Coins and Medals Department, Pushkin
Отдел Коллекция Проекты Научная работа отдела Библиотека События Партнеры Меценаты

Elena Abramovna Davidovich


Елена Абрамовна Давидович

On December 5th of this year at the age of almost 91, Elena Abramovna Davidovich died after a long period of poor health. This Doctor of Historical Sciences, professor and archaeologist was an outstanding scholar in the field of oriental source-study. Her passing marks the end of a whole era in fundamental research and important discoveries in her country and above all in the numismatics of the Islamic world. Elena Davidovich was a prolific writer in this domain, producing nine monographs and around three hundred articles published in her own country and abroad. The main focus of her interest was research into the coinage of Central Asia between the 8th and 18th centuries.

Elena Davidovich was a person of unusually wide-ranging talents and interests. In addition to her rare determination, when it came to extending her knowledge, she was also musically gifted and no mean sportswoman and actress with professional appearances to her credit.

A major period of her life was devoted to archaeology. At the city-site of Ancient Nisa near Ashkhabad (Turkmenistan) she was in charge of the investigation of the celebrated Square House complex: it was there, during the 1948 field season, that she discovered the famous hoard of Parthian rhyta.

Her broad horizons, mathematical skills and rare analytical mind enabled Elena Davidovich to resolve extremely complex questions regarding money circulation in medieval Central Asia, using a multi-disciplinary approach to a whole range of written, numismatic and epigraphic sources (A History of the Coinage of Central Asia in the 17th-18th Centuries, Dushanbe, 1964; A History of Money Circulation in Medieval Central Asia, Moscow, 1983 etc.).
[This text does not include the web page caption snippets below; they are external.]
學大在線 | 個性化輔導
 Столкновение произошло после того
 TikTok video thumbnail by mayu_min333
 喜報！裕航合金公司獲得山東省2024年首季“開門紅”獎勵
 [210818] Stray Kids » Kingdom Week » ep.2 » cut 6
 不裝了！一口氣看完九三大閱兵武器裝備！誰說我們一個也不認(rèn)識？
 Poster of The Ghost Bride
The work carried out by Professor Davidovich on the texts of Persian and Arabic manuscripts was also extremely fruitful. She was able to point out many errors made by both authors and copiers, which had eluded the notice of previous researchers.

Elena Davidovich also assembled, studied and published a large range of hoard materials and she devised and elaborated a metrology for Central Asian coins (Hoards of Ancient and Medieval Coins of Tadzhikistan, Moscow, 1979; Materials for a Metrology of Medieval Central Asia, Moscow, 1970 etc.). Works by Professor Davidovich demonstrated the importance of coins as a valuable and sometimes even leading source for resolving specific issues – not  just in connection with coinage but also those relating to socio-economic and political history.

The chronological range of the research undertaken by Elena Davidovich was also unusually wide: from her classification of the coins of Kushan ruler, Heraios (2nd-1st century BC) to her detailed research into the coinage of the Qarakhanids (9th-11th centuries), the Anushteginids or Khwārazm-Shāhs (11th-13th centuries), the Chaghatayids (13th-14th centuries), the Chingizids (13-15th century), Timurids (14th-16th centuries) and the Shaybānids (16th century) (Corpus of the Gold and Silver Coins of the Shaybānids – 16th century, Moscow, 1992).

The task of developing multi-disciplinary source study and subsidiary historical disciplines was given pride of place in the section which Professor Davidovich headed at the Institute of Oriental Studies from 1973 and also for the series of “Bartold Lectures” which she inaugurated in 1974. The collection of academic articles, Historical Oriental Studies and Specialist Historical Disciplines (Issues 1-6, Moscow, 1989-2004) was directed towards the same goal: Elena Davidovich was its general editor and contributed to it without fail. She made a major contribution to the work of the first All Russian Numismatic Conferences and also to such well-known publications as “Epigraphy of the East”, “Numismatics and Epigraphy” and “Central Asiatic Journal”.

Professor Davidovich was generous in the sharing of her knowledge and helped many other scholars as they wrote their dissertations, books and articles. She was a patient but at the same time demanding mentor: she would not countenance works, which “do not demand conscientious and painstaking study of sources and of the literature and leave room for arbitrary constructions or flights of fancy”.

The legacy of Elena Davidovich is a great one and one which has not yet been fully appreciated. Until almost the very end of her life she was working on the manuscript of her book in English, which incorporated the main results of her work over many years.